Les travaux avaient marché avec la rapidité qui distingue le Yankee, mais tout avait été sacrifié à l'amour-propre de tracer la route, et la précipitation des ingénieurs les avait empêchés de rien prévoir des causes de destruction qui menaçaient leur voie. Ils n'avaient pensé ni à la végétation qui l'envahirait, ni aux ornières d'une terre détrempée, ni aux inondations qui la couvriraient, ni aux ruisseaux qui la ravineraient; ils n'avaient même pas songé à jeter ça et là quelques ponts pour l'écoulement des eaux: aussi la route fut-elle immédiatement ruinée, et à la première disette des fonds qu'on avait gaspillés, il y eut un sauve-qui-peut général; le pays se vida comme par enchantement, de Tehuantepec à Xuchil. Ceux-là seuls restèrent, que le manque d'espèces avait cloués sur place et que la misère retenait à Tehuantepec. La ville était pleine de ces malheureux qui, pâles et hâves, promenaient par la ville leurs faméliques personnes, ne devant qu'à la charité le soutien d'une misérable existence.

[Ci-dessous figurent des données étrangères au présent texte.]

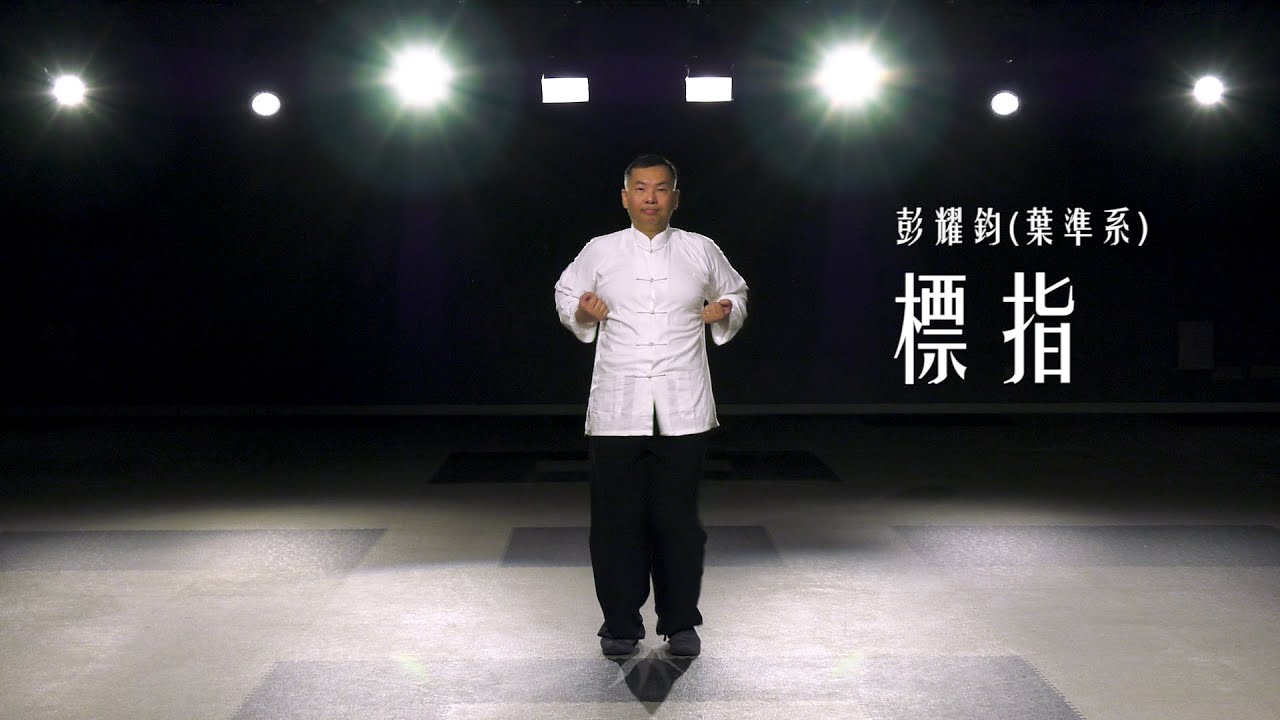 葉準系-標指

On trouve déjà dans la plaine de Tehuantepec quelques échantillons de cette race toute particulière au Mexique, appelée pinto, qui appartient principalement à l'état de Guerrero. Le pinto est un Indien dont le corps, tigré de taches blanches sur fond jaune, présente à l'œil un triste spectacle; ces taches, de toutes dimensions, envahissent quelquefois la moitié de la figure, laissant au visage, d'un côté sa couleur naturelle, et couvrant l'autre d'une teinte mate, blanc sale et d'un aspect maladif. D'autres fois, elles s'éparpillent en points menus, de manière à figurer nos taches de rousseur, mais avec un contraste beaucoup plus frappant; le corps est généralement atteint de la même infirmité, et le sujet affligé de cette maladie inspire, à première vue, la même répulsion qu'un lépreux. Nous croyons devoir attribuer ce phénomène au croisement du sang chez les habitants des terres chaudes qui bordent le Pacifique. Les individus de race pure, Indiens ou blancs, sont rarement pintos.
Je savais qu'en partant de Tehuantepec je devais être arrêté dans la montagne, et sans aucun doute dévalisé.
Les défenseurs du parti réactionnaire, vaincus a Tehuantepec, s'étaient réfugiés dans la sierra, qu'ils occupaient au nombre de deux cents environ, et comme centre d'action, ils habitaient le village de Tékicistlan, à quinze lieues au delà. On les appelle patricios.
J'avais pris mon parti d'être volé; je vendis donc l'un de mes chevaux, et, dans le plus mince équipage, ayant à peine la somme suffisante pour atteindre Oaxaca, je me mis en route.
Le bonheur voulut qu'à deux lieues dans le bois je rejoignis un corps de cent cinquante hommes, qui, sous les ordres du gouverneur de Tehuantepec, don Rodriguez, marchait à la poursuite des brigands, dont les hauts faits devenaient par trop intolérables. Toute communication était interrompue, les convois de mules ne pouvaient passer que moyennant un fort tribut, et quant aux voyageurs isolés, des disparitions fréquentes indiquaient assez quel avait dû être leur sort.